How much money do your children receive to spend on school meals and snacks? Schools use debit systems without the option of paying with cash, students’ lunches contained fewer fruits and vegetables, more unhealthy items, and more calories overall, reports an October 8, 2013 news release by Kelsey Gatto, "School debit accounts lead to less healthy food choices and higher calorie meals."
Keep those lunch lines moving in public schools but hold the fruits and vegetables? Or does a school bully extort lunch money from your kids? Many school cafeterias adopt debit account payment systems as quick, convenient ways to keep lunch lines moving, but according to a new study conducted by Cornell Food & Brand Lab, Cornell University’s researchers, putting it on the debit account may impact the health of kids’ meals. You also may wish to check out the YouTube video, "Pay Cash for Cookies."
What do kids buy at school during the lunch period?
Researchers David Just, PhD and Brian Wansink, PhD examined the lunch purchases of 2,314 students in grades 1 through 12 to see how payment methods impacted food choice. In schools that completely converted to debit systems—as opposed to those that gave students the option to pay with cash instead—fruit purchases were 13% lower, while vegetable purchases were 20% lower.
Students at debit-only schools were also more likely to purchase less healthy food options, such as candy, dessert, and fried foods. In fact, the lunches of students at debit-only schools contained 63 more calories from these less healthy foods and 32 fewer calories from healthier options. What happens to lunch money kids get when they go off to school?
Parental guidance at lunchtime
According to Just and Wansink, the degree of parental guidance at lunchtime may be partly responsible for this phenomenon. When parents give children a certain amount of cash for lunch each day, they can monitor their kids’ daily expenditure more closely, resulting in better lunch choices.
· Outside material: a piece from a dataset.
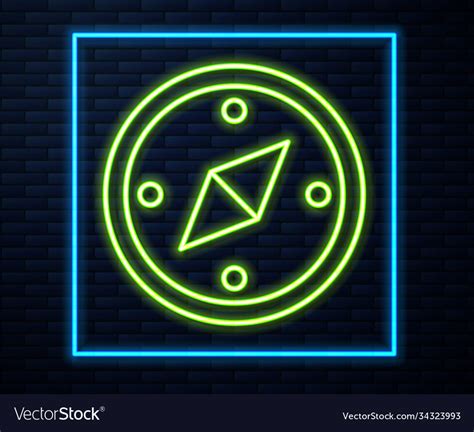 Glowing Neon Line Compass Icon Isolated On Brick Vector Image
Debit systems, however, eliminate the restrictions of a daily cash allowance, providing kids the opportunity to spend their lunch money as they please—with unhealthy consequences. A debit system which allows parents to set daily limits or food-specific restrictions may be an ideal compromise between convenience and guidance. Alternative methods—like the implementation of a “cash for cookies” rule— can nudge kids towards healthier foods by making them pause before impulse-purchasing less healthy options.